> Exercise input:
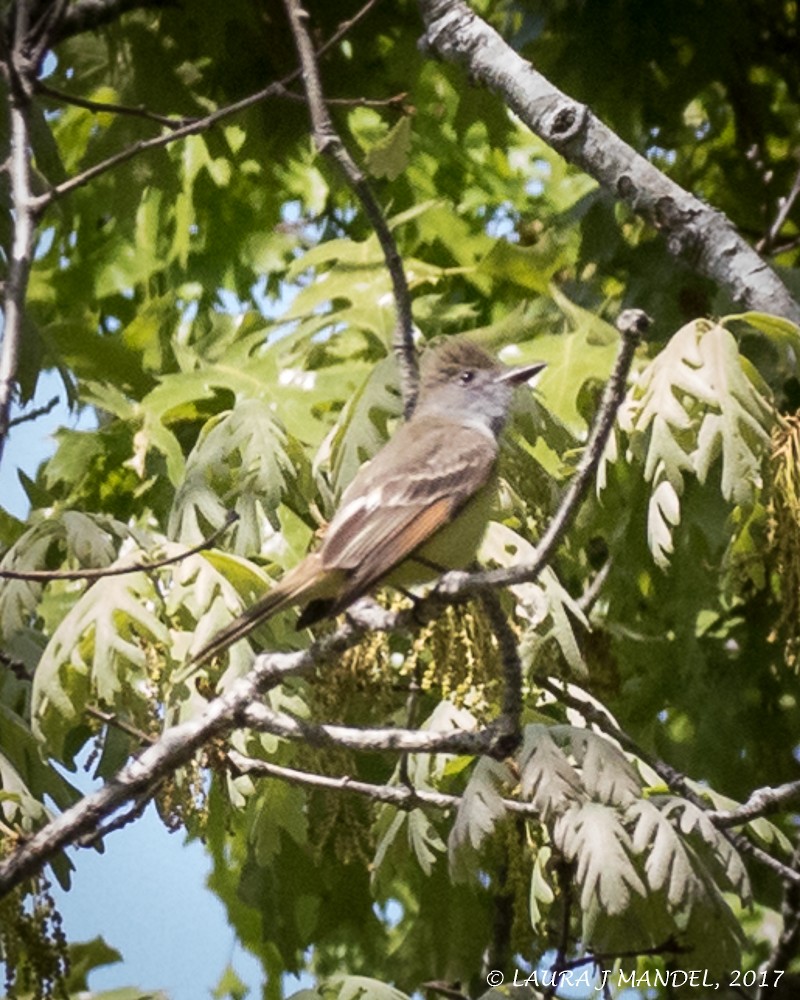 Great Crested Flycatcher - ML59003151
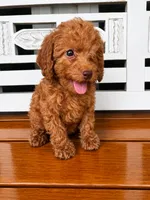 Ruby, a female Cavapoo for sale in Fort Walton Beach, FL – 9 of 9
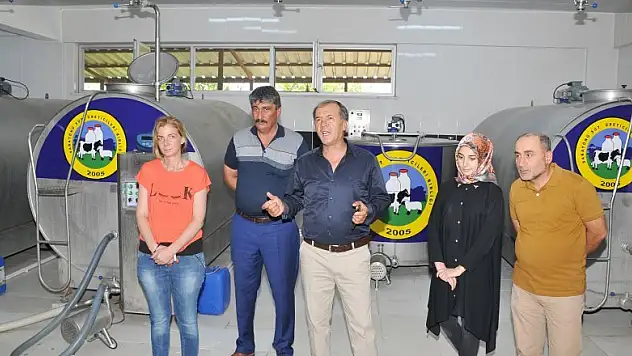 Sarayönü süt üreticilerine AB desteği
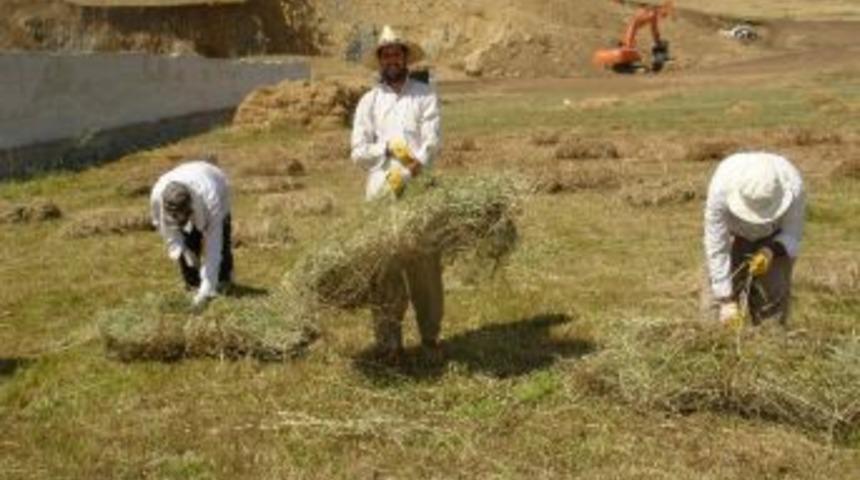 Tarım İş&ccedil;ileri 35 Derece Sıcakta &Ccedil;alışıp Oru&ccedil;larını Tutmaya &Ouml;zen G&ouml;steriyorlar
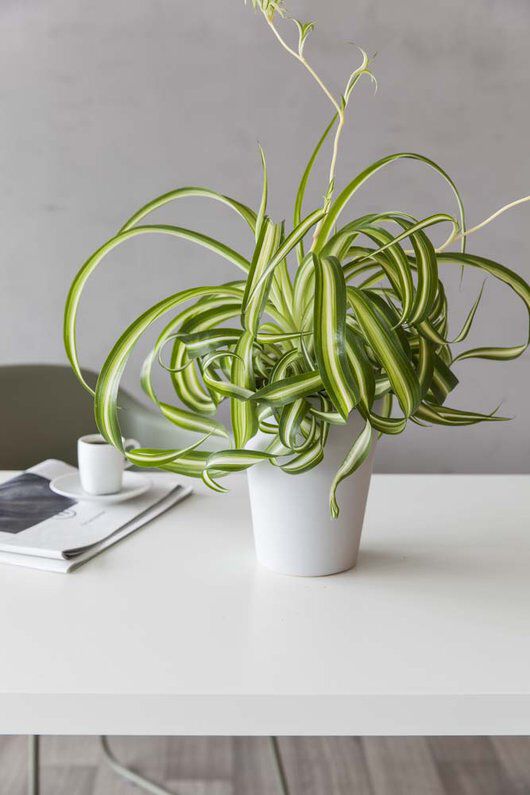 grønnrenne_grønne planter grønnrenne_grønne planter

> Assigned task: Set down the whole listing word for word, omitting the pictures.

> Answer to this exercise:
 Great Crested Flycatcher - ML59003151
 Ruby, a female Cavapoo for sale in Fort Walton Beach, FL – 9 of 9
 Sarayönü süt üreticilerine AB desteği
 Tarım İş&ccedil;ileri 35 Derece Sıcakta &Ccedil;alışıp Oru&ccedil;larını Tutmaya &Ouml;zen G&ouml;steriyorlar
 grønnrenne_grønne planter grønnrenne_grønne planter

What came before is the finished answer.